= Tripartite Commission =

Olympic movement commission

A Tripartite Commission is the name given to one of a number of commissions within the Olympic movement, consisting of representatives of (1) the International Olympic Committee ("IOC"), (2) one or more international sports federations ("IFs"), and (3) one or more National Olympic Committees ("NOCs"). Currently, Tripartite Commissions are primarily used to select athletes to be invited to compete at the Olympic Games through special invitational quota places intended to improve universality.

==History==

The initial Tripartite Commission was created in 1971. Its initial purpose was to work on preparations for the X Olympic Congress in Varna in 1973. One of the subjects of the X Olympic Congress was "Relations between the IOC, International Federations and National Olympic Committees". The purpose of the Commission then expanded to include general issues of interest to the NOCs, the IFs, and the IOC. This was a response to complaints from the NOCS and the IFs that they had little say in the Olympic Movement and no official process to voice their opinions. The Commission also organized the XI Olympic Congress in Baden-Baden in 1981.

The chair of the Tripartite Commission was the IOC president, initially Lord Killanin and later Juan Antonio Samaranch. As of 1980, the membership of the commission consisted of 3 vice presidents of the IOC, 3 representatives of the IFs, and 3 representatives of the NOCS.

The Tripartite Commission was replaced by the Olympic Movement Commission following the XI Olympic Congress. The latter commission was itself disbanded in 2001 and replaced by the Olympic Programme Commission.

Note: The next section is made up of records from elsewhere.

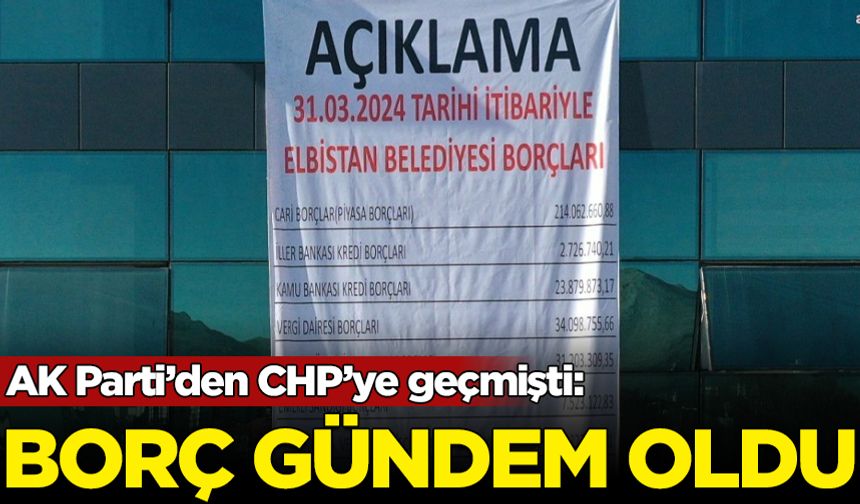 AK Parti'den CHP'ye geçen Elbistan'da borç gündem oldu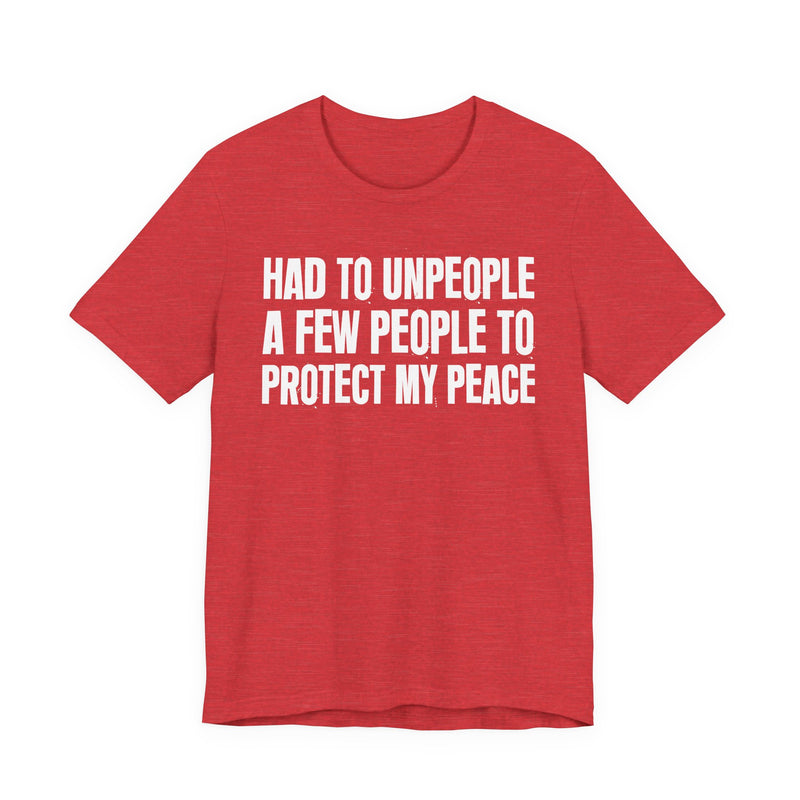 Had To Unpeople A Few People To Protect My Peace — T-Shirt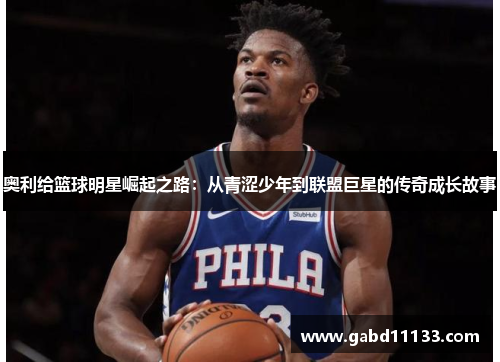 奥利给篮球明星崛起之路：从青涩少年到联盟巨星的传奇成长故事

==Modern Tripartite Commission==

The modern Tripartite Commission is a three-way collaboration between the IOC, the Association of National Olympic Committees, and the IFs (through the Association of Summer Olympic International Federations or Association of International Olympic Winter Sports Federations) that ensures participation by athletes from NOCs who would, through normal qualification channels, have little or no representation at the Games. An additional objective is to contribute to enhancing and reflecting universality by selecting athletes from such NOCs, which have not been able to qualify, so that they may have an opportunity to be invited to compete in sports and disciplines for which Invitation Places have been reserved. The IOC considers universality to be a fundamental aspect of the Olympics.

As of the 2020 Summer Olympics, 16 of the (summer) Olympic sports had a total of 104 quota places reserved for Tripartite Commission invitations. There were 92 eligible NOCs. For context, there are 33 sports, 206 NOCs, and over 11,000 athletes at the 2020 Summer Olympics. Each sport that uses Tripartite Commission invitation places describes the details of its places in its qualification system for each Games. In order to be eligible for a Tripartite Commission invitation, a given NOC has to have an average of no more than 8 athletes in individual sports over the previous two Games.

The Tripartite Commission consists of one representative of the IOC, one representative of the IFs, and one representative of the NOCs.